5 Ways to Consolidate Debt

Consolidating your debts makes it easier for you to fall through with the repayment process as it involves making a single payment as opposed to dividing the payments among multiple credit accounts.  It is easier to make the payment for one single bill rather than to compile and organize half a dozen of them.  Consolidating your debts may give you the leeway that you require in order to get your finances back under control and help you to pay off your debts asked with a lesser monthly financial burden.  There are different ways in which you can consolidate your debts.

Credit Card Balance Transfer

A credit card balance transfer is done by transferring the balance on various credit cards onto a single low interest rate credit card.  This not only makes the payment of all the credit card bills easier by combining them into a single account but also reduces the overall rate of interest.  Many are times the low rate of interest on a particular credit card is a promotional offer.  Before transferring the balances on to a card with a low rate of interest you should be perfectly aware of whether the lower rate of interest is in fact a temporary offer and when is it going to lapse.  The main idea behind any kind of debt consolidation is to reduce your financial burden.  There is no point in going through with the whole process if it is not going to help you save money.

Home Equity Loan or Home-Equity Line of Credit

A loan against home-equity or home-equity line of credit usually has a lower rate of interest and a higher borrowing limits than any other kind of loan.  This is simply because the asset being offered as collateral, namely your home, is usually the highest value said that a normal consumer has to offer as security.  The difference between a home equity loan and a home equity line of credit is that a home equity loan is a close ended account where you borrow the money once as a loan and than expected repay it according to the terms and conditions decided upon.  A home equity line of credit is an open ended account where you can keep borrowing up till the credit limit as and when you need it, just like a credit card.
Both these kind of loans must be thought about very carefully before being used to consolidate your unsecured debt.  If you fall behind on your payments you face home for closure which is a much worse situation than defaulting on your credit card payments.

Debt Consolidation Loans

Debt consolidation loans are specialized loans offered for the specific purpose of consolidating debts. these kinds of loans are offered by banks and credit unions. there are also the so called non profit debt consolidation companies that offer debt consolidation services. you must watch out for the debt consolidation companies that make unrealistic claims, have dubious credentials, have a lot complaints against them in the records of the Better Business Bureau and the local offices of your state’s attorney general. these companies can often charge you high fees either upfront or in more subversive ways making the overall cost of your debt much higher.
The best sources to deal with for debt consolidation loan is through your own bank or any other reputed bank with an accredited debt consolidation solution. there are also some credit unions that may help you to with taking out a debt consolidation loan.

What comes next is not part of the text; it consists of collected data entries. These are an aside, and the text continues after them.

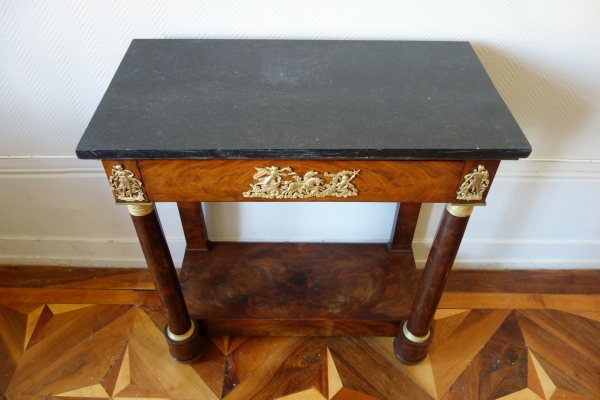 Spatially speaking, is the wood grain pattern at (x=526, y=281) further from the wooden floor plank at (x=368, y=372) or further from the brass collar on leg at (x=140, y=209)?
the brass collar on leg at (x=140, y=209)

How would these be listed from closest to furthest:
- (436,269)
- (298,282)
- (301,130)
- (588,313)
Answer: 1. (301,130)
2. (436,269)
3. (298,282)
4. (588,313)

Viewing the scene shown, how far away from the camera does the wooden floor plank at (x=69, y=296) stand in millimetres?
1382

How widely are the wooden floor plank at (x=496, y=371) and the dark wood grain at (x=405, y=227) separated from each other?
14.2 inches

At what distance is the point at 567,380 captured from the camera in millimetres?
1213

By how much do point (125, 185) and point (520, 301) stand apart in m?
1.23

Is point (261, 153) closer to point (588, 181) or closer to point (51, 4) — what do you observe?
point (51, 4)

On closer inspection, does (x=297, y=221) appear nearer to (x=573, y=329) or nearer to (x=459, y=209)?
(x=459, y=209)

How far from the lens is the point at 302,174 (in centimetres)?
77

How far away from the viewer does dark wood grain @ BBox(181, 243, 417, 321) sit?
3.96 feet

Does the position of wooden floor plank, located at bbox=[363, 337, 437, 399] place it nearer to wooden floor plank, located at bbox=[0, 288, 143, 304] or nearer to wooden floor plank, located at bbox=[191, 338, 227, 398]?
wooden floor plank, located at bbox=[191, 338, 227, 398]

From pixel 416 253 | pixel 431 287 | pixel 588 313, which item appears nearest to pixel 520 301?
pixel 588 313

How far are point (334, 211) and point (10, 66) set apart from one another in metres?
0.90

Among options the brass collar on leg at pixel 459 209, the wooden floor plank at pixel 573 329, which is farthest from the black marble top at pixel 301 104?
the wooden floor plank at pixel 573 329

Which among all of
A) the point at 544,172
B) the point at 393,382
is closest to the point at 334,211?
the point at 393,382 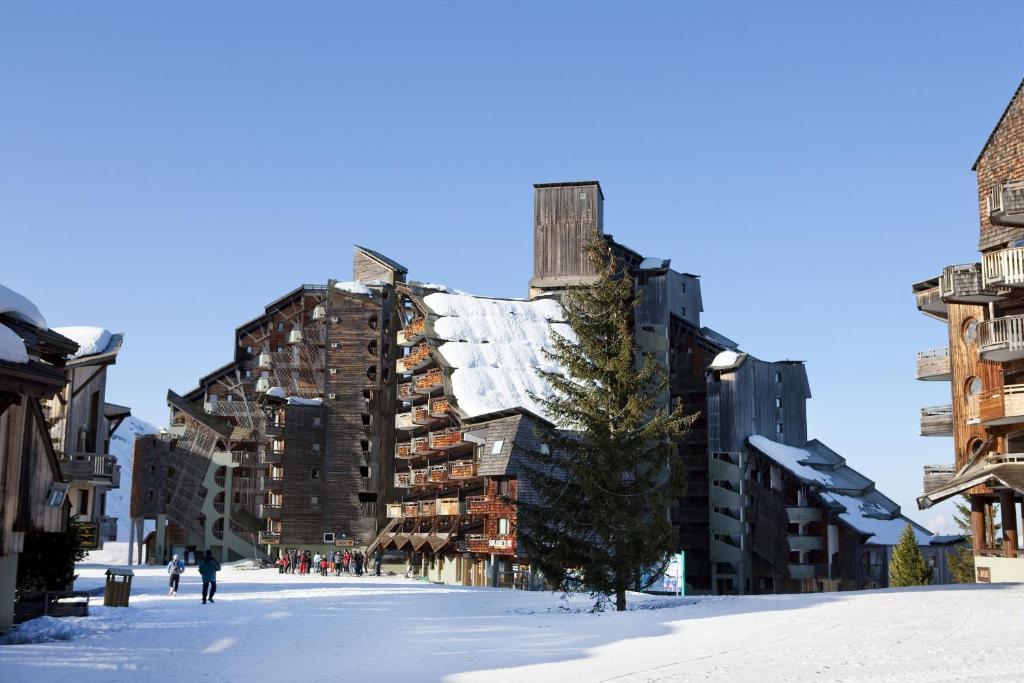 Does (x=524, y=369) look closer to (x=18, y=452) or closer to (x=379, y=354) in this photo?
(x=379, y=354)

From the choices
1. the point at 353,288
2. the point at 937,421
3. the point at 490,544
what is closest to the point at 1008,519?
the point at 937,421

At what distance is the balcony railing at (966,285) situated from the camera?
41.7m

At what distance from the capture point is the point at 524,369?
66188 millimetres

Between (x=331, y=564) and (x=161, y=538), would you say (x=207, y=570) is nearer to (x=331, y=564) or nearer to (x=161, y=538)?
(x=331, y=564)

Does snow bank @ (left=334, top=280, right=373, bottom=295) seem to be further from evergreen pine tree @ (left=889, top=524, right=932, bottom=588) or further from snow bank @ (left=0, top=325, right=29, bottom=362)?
snow bank @ (left=0, top=325, right=29, bottom=362)

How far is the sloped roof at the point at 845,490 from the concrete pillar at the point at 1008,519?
22854mm

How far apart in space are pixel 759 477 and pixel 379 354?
28.3m

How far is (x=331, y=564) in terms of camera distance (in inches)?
2660

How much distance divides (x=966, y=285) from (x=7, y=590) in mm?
34681

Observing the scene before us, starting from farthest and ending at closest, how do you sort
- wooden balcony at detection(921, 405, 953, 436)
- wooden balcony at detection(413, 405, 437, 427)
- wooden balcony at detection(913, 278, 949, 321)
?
wooden balcony at detection(413, 405, 437, 427)
wooden balcony at detection(921, 405, 953, 436)
wooden balcony at detection(913, 278, 949, 321)

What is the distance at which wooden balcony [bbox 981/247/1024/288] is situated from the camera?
39.9 meters

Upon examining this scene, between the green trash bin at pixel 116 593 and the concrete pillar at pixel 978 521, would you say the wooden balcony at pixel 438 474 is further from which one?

Borrowing against a Life Insurance Policy

Not many options of taking out a debt consolidation loan unadvisable or desirable. This you are mostly required to put a valued asset online as a collateral.  While life-insurance policy is not exactly an asset is a valued financial security for your family.  Borrowing against the life-insurance policy means that you borrowing against the future security of your family.  As is the case with borrowing against an asset you should borrow against the life-insurance policy only with the intention of paying back the money that you take.  You can usually borrow up to the cash value of your life insurance policy.  Although your insurance company will probably not require to pay back the money as long as the amount borrowed is less or equal to the cash value it is a good idea to make the payments anyway.  If you don’t the death benefit will be used to cover what you borrowed and your survivors may not get any benefit at all.

Borrowing from Retirement

This is another last ditch methods that you can resort to to consolidate a debt.  Most retirement plans allow you to borrow against them under certain terms and conditions.  In most cases you are required to repay the money that you borrow from retirement fund within five years or you are liable to be subjected to penalty and an income tax as it will be considered an early withdrawal.  The same loan will be due to it paid off within 60 days if you happen to leave the job which if failing to do so will make you liable to face early withdrawal penalties.  As with borrowing against a home equity or a life insurance policy think hard before borrowing money from a retirement fund.  It may present itself as the simplest option but must only be used if you are certain to be able to pay off the money you borrow.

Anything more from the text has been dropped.